El trágico derrumbe en la mina El Teniente, que costó la vida de seis trabajadores en julio de 2025, podría tener antecedentes en un incidente similar ocurrido dos años antes.
Las autoridades fiscales que investigan el caso han comenzado a enfocar su atención en una posible falta de supervisión y omisión de información clave que pudo haber prevenido la tragedia.
¿Qué nuevos antecedentes surgieron sobre el fatal derrumbe en la mina El Teniente?
De acuerdo a información de Reportajes T13, declaraciones judiciales incorporadas al expediente revelaron que el colapso fatal de 2025 podría haber sido el desenlace de una ruptura estructural detectada en el mismo sector de la mina en 2023.
Además, los informes indican que el sismo de ese año, el 24 de julio, provocó daños significativos en la zona de Loop 1 de Teniente 7, área que más tarde sufriría el colapso en 2025.
“El evento del 31 de julio de 2025 fue una extensión de la ruptura registrada en el sismo del 24 de julio de 2023“, indica un informe relacionado con la investigación.
Esta información pone en evidencia que, si alguien hubiera informado y fiscalizado adecuadamente los daños de 2023, podrían haberse tomado medidas preventivas que habrían evitado el fatal accidente.
Uno de los puntos clave de la investigación es la presunta omisión de Codelco en informar adecuadamente sobre los daños ocurridos en 2023 a Sernageomin, el organismo encargado de supervisar las operaciones mineras.
“Se debió dar cuenta de ese hecho”
Por su parte, un ingeniero del Sernageomin, quien prestó declaración en el proceso judicial, destacó que, de haberse informado correctamente sobre el evento de 2023, las autoridades podrían haber solicitado refuerzos estructurales o, incluso, restricciones operativas en el sector afectado.
“Se debió dar cuenta de ese hecho”, señaló el experto, apuntando que esta falta de comunicación impidió una fiscalización adecuada.
Según los antecedentes obtenidos por la Fiscalía, tras el evento de 2023, se realizaron inspecciones en otros sectores de la mina, pero no se inspeccionó el área exacta donde finalmente se produjo el colapso en 2025, lo que podría haber sido un factor crucial para la falta de detección del riesgo estructural.

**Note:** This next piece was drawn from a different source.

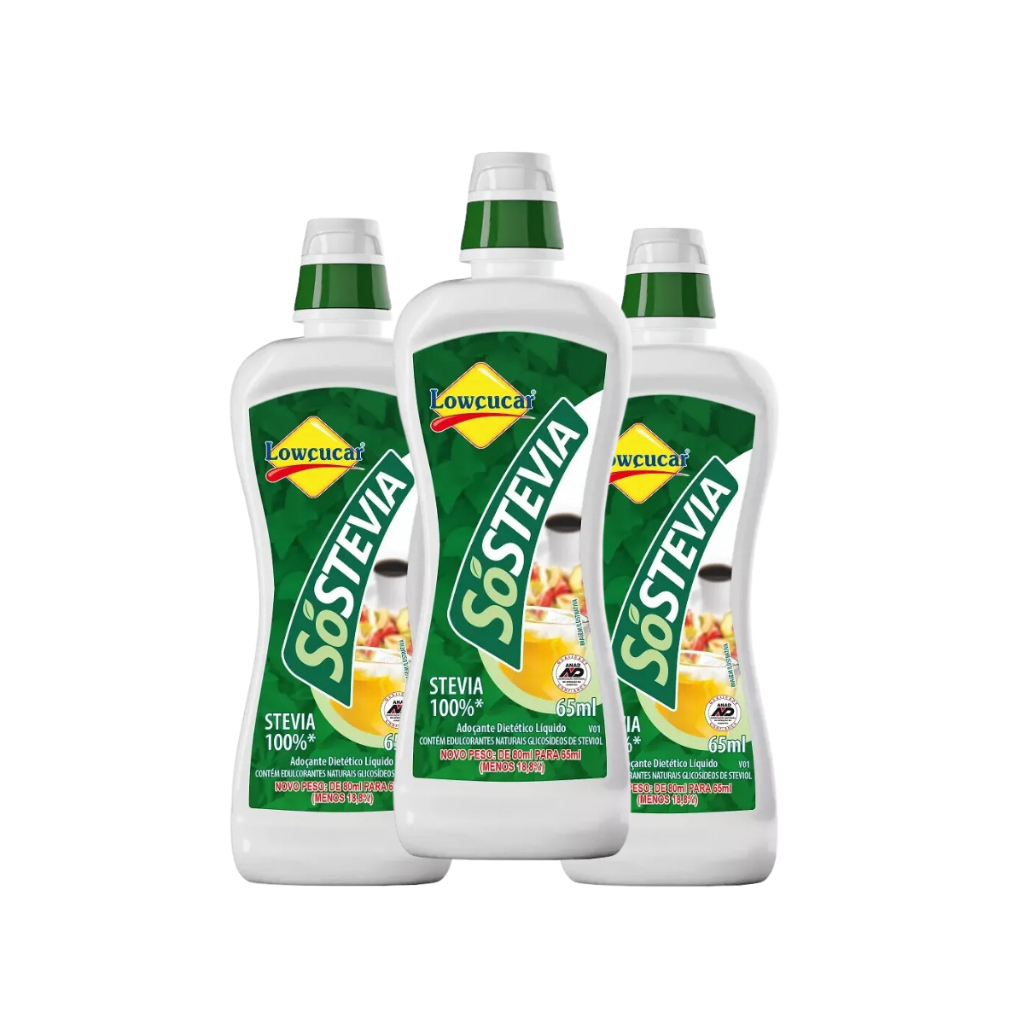3 Adoçante 100% Só Stévia 65ml Lowçucar Líquido Gotas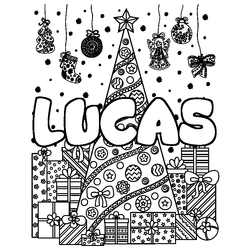 Coloraci&oacute;n del nombre LUCAS - decorado &aacute;rbol de Navidad y regalos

Los informes policiales sugieren que una fractura geomecánica originada en el sismo de 2023 podría haber causado el accidente en 2025, lo que refuerza la idea de un deterioro progresivo en la zona de la mina.
Esta información apunta a que la falta de atención a los daños pudo haber contribuido a la tragedia posterior, dejando en evidencia una posible cadena de decisiones negligentes en el manejo del riesgo estructural.
La investigación también ha puesto bajo la lupa a varios altos cargos de Codelco, a quienes se desvinculó tras descubrir inconsistencias en la información técnica entregada a Sernageomin.
Ahora solo queda esperar el trabajo de la Fiscalía, el cual debe determinar si Codelco cumplió con los protocolos de fiscalización necesarios para prevenir un desastre que, aunque sucedió a gran profundidad, podría haber alterado la seguridad de toda la operación minera.